[Saved data entries]
....

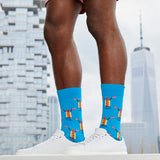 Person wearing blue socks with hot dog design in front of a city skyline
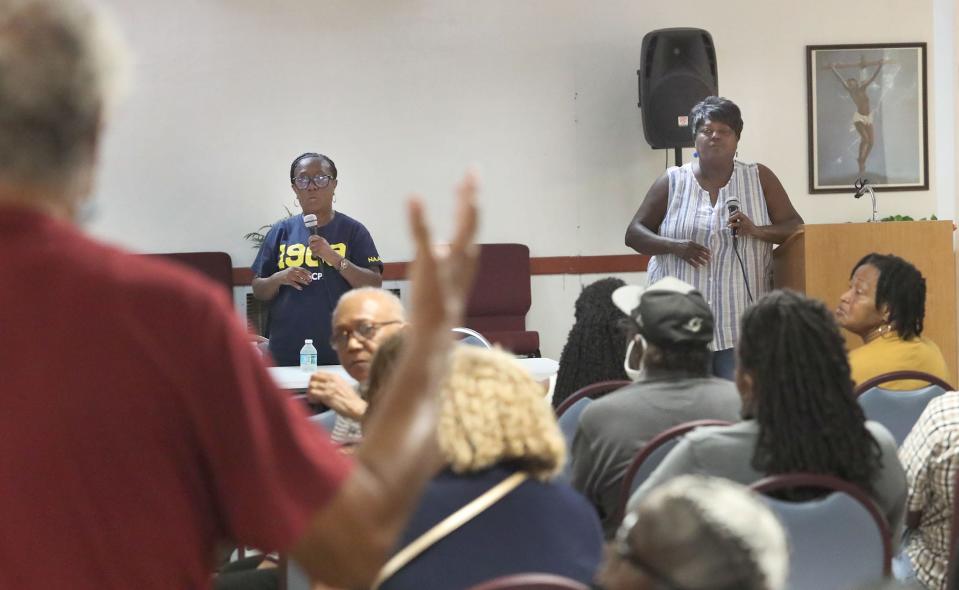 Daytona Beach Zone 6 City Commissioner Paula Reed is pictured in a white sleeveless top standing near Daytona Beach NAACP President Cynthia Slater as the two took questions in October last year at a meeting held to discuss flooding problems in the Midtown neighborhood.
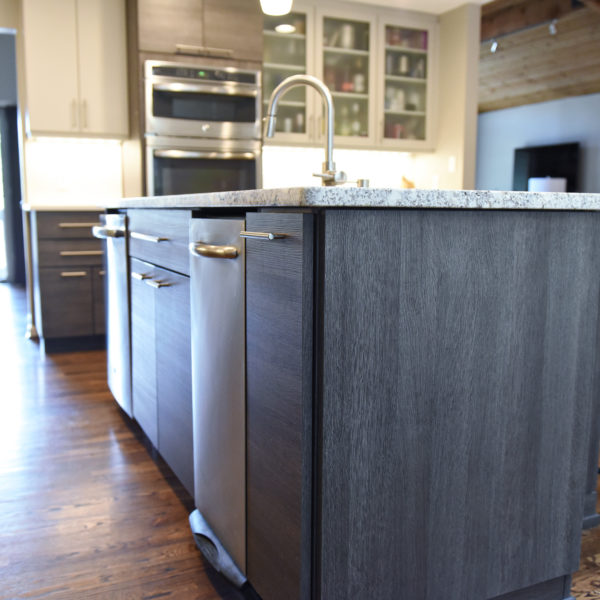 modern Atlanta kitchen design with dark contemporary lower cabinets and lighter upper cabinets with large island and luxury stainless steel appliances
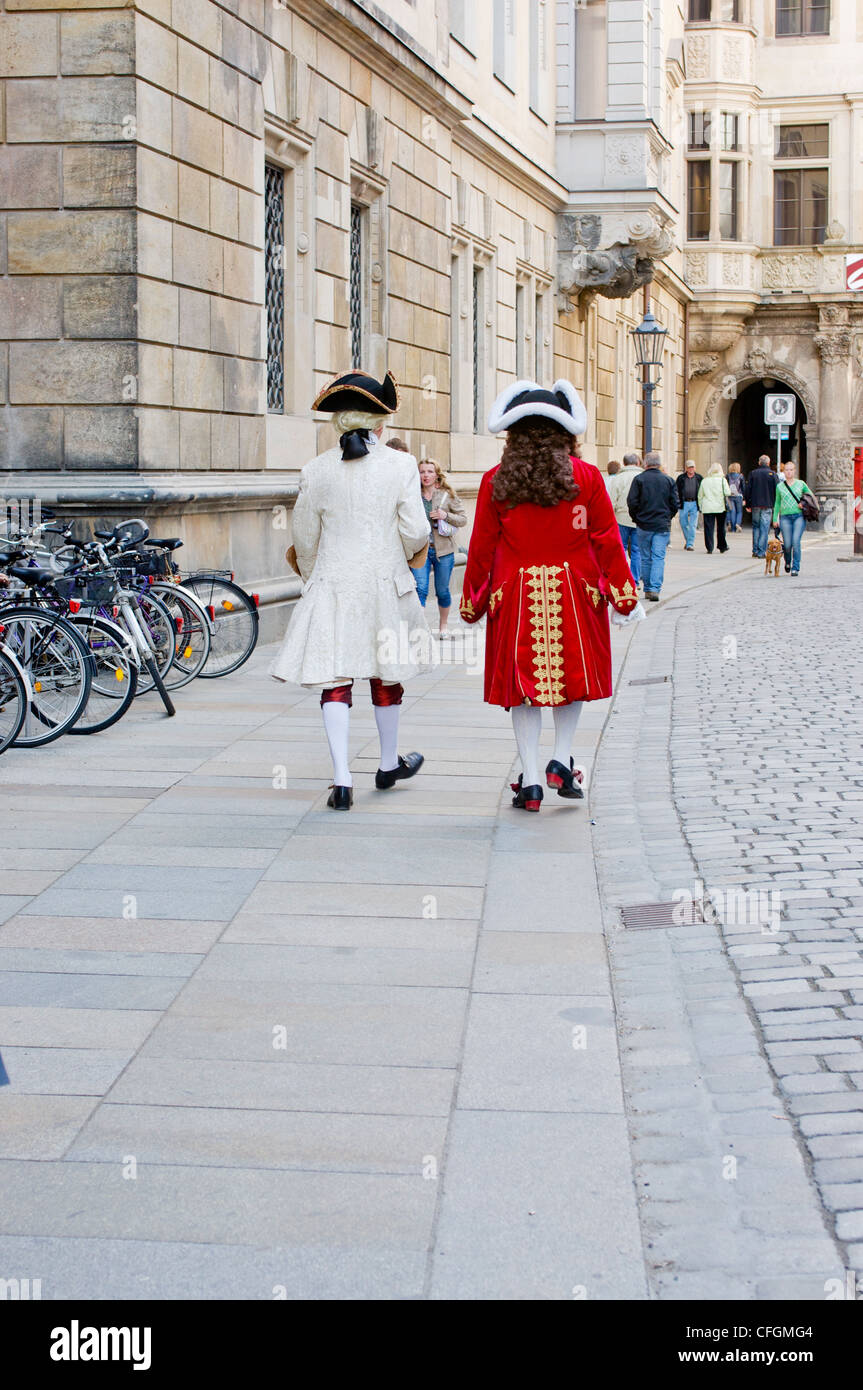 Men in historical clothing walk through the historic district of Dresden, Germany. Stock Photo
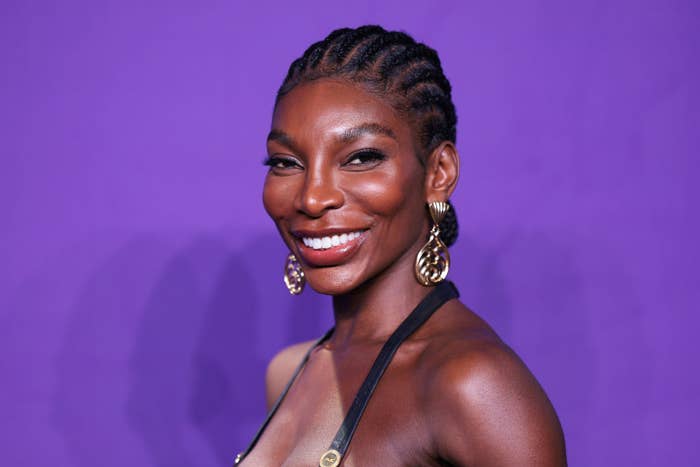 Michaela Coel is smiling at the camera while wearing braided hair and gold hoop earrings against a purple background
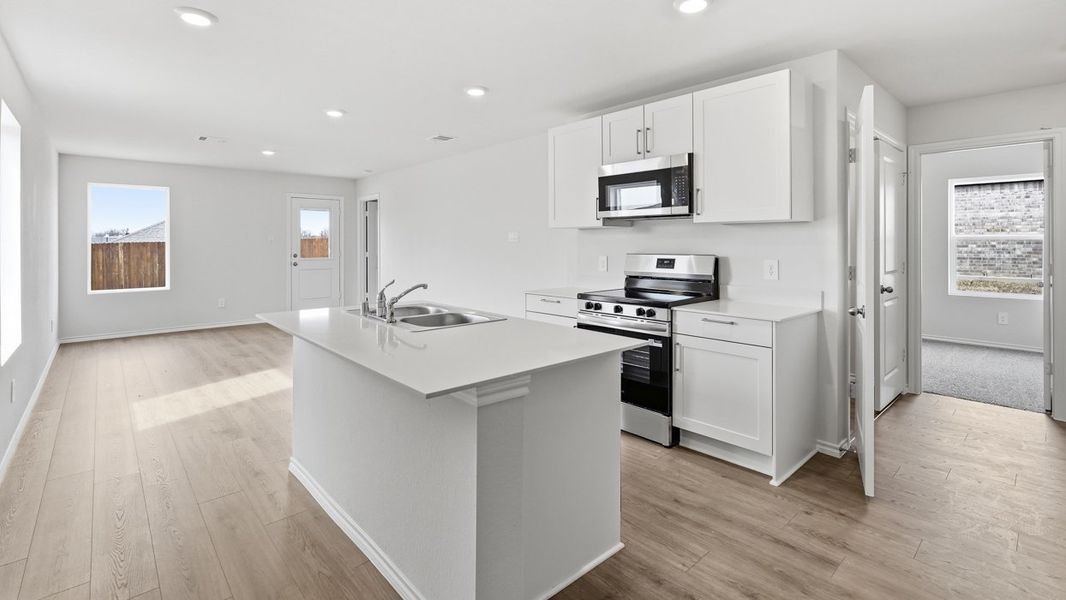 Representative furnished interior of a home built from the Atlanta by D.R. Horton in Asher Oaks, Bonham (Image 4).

....

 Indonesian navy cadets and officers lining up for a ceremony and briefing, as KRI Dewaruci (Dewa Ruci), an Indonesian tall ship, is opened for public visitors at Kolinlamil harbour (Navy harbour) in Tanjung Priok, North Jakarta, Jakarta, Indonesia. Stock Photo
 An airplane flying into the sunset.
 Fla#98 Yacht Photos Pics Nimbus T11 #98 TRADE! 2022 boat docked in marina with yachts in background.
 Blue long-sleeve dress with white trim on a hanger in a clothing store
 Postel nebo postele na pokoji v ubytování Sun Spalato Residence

....

EXERCISE REQUIREMENTS: Using the data above, which lines fall from the one with "Michaela Coel is" through the one with "Representative furnished interior"? Repeat them exactly, ends included, minus any pictures.

COMPLETED TASK:
 Michaela Coel is smiling at the camera while wearing braided hair and gold hoop earrings against a purple background
 Representative furnished interior of a home built from the Atlanta by D.R. Horton in Asher Oaks, Bonham (Image 4).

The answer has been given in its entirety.